▸ **WHAT IS EXPECTED**
Copy every line of the following data that includes the string "Ford".

▸ **DATA**
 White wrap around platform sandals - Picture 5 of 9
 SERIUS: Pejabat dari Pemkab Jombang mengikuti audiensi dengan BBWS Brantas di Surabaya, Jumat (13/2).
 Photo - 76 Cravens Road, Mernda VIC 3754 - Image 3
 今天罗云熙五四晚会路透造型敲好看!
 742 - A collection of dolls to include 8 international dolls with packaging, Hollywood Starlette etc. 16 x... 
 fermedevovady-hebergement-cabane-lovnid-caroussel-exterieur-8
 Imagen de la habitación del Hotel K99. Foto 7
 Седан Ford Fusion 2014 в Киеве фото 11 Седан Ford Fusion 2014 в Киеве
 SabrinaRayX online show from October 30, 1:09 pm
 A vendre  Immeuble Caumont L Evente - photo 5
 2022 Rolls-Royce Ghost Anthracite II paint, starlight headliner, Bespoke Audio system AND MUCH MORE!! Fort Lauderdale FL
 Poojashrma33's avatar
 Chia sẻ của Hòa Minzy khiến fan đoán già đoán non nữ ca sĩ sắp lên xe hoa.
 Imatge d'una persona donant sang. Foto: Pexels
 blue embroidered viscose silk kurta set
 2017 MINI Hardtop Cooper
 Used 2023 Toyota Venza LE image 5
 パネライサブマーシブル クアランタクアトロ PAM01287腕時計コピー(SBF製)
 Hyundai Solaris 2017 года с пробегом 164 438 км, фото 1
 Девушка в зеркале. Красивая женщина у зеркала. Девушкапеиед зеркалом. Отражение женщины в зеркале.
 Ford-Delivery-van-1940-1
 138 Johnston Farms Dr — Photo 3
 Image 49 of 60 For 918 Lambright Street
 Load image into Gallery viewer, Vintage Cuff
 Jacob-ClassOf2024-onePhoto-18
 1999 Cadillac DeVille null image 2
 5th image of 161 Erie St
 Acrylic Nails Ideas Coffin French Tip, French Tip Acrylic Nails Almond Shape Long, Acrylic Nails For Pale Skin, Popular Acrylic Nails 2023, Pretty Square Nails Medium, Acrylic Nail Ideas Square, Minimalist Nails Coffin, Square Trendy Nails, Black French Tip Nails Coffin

▸ **WRITTEN RESPONSE**
 Седан Ford Fusion 2014 в Киеве фото 11 Седан Ford Fusion 2014 в Киеве
 Ford-Delivery-van-1940-1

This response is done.